Thanks for your kindly help!

Jul 12 '21 10:07 bugsuse

I expect you already made sure the model runs when doing a forward pass without Zennit? (I.e., without the Attributor context) Could you supply the model you are using? There may be a problem when passing tuples instead of tensors between layers, is this the case for you?

Jul 12 '21 14:07 chr5tphr

@bugsuse also, you set the output_relevance twice: in the beginning output_relevance = torch.zeros_like(output) and in the loop later output_relevance = torch.zeros_like(torch.squeeze(target))

output_relevance should have the same shape as output. torch.zeros_like(torch.squeeze(target)) could have the wrong shape.

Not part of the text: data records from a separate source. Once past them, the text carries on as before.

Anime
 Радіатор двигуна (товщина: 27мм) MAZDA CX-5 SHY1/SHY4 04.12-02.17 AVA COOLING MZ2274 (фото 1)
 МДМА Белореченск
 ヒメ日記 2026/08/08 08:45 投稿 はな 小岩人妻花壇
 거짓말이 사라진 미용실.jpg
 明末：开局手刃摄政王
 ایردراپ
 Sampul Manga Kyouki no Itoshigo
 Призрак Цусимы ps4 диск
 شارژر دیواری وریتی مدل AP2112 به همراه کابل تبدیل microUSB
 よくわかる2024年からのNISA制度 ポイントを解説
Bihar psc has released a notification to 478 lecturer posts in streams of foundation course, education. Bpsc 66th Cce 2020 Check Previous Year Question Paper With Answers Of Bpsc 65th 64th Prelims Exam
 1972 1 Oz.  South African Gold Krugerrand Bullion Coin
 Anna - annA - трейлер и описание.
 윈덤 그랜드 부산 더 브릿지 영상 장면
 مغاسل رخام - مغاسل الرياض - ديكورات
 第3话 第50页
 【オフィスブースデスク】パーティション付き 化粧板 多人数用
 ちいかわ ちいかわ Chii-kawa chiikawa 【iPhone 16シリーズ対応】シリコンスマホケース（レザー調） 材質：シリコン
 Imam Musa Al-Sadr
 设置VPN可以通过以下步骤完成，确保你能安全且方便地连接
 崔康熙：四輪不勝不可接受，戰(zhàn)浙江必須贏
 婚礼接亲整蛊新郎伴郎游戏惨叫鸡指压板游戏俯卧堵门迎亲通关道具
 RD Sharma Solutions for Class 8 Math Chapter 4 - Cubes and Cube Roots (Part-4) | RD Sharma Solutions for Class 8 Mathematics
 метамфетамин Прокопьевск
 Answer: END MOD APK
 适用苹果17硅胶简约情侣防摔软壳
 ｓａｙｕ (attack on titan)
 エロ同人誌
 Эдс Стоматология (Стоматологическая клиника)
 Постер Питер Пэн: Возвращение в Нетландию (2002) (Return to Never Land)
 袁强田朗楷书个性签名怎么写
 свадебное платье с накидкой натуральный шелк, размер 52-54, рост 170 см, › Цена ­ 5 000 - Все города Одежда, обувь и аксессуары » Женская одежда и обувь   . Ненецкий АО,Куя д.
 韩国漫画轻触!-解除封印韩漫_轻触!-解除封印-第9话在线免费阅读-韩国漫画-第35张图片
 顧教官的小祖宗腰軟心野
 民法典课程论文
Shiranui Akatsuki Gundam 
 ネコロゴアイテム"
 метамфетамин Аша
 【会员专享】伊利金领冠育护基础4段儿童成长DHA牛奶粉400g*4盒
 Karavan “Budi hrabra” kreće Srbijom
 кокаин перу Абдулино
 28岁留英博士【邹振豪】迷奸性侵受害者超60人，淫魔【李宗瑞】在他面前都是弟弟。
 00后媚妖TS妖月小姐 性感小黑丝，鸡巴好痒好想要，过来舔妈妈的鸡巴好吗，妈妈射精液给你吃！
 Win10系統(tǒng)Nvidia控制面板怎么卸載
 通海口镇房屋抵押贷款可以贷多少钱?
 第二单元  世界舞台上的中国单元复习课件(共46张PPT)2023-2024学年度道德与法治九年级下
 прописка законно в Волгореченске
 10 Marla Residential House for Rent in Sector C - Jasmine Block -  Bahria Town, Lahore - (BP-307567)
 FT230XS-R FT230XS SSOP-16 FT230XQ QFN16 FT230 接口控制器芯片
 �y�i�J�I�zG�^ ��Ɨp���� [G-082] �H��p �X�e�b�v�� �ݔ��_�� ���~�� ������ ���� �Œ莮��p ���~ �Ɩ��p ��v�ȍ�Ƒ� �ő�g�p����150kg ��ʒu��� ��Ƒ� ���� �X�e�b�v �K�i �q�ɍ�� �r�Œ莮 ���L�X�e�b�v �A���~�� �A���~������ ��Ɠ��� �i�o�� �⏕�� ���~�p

Jul 12 '21 15:07 maxdreyer

@chr5tphr Yeah, I load directly pretrained weights. I'm using Unet model. More codes is below,

class UNetCanonizer(SequentialMergeBatchNorm):
    '''Canonizer for torchvision.models.vgg* type models. This is so far identical to a SequentialMergeBatchNorm'''

MODELS = {
    'vgg16': (vgg16, VGGCanonizer),
    'vgg16_bn': (vgg16_bn, VGGCanonizer),
    'resnet50': (resnet50, ResNetCanonizer),
    'unet': (Unet(), UNetCanonizer)
}

ATTRIBUTORS = {
    'gradient': Gradient,
    'smoothgrad': SmoothGrad,
    'integrads': IntegratedGradients,
    'occlusion': Occlusion,
}


class BatchNormalize:
    def __init__(self, mean, std, device=None):
        self.mean = torch.tensor(mean, device=device)[None, :, None, None]
        self.std = torch.tensor(std, device=device)[None, :, None, None]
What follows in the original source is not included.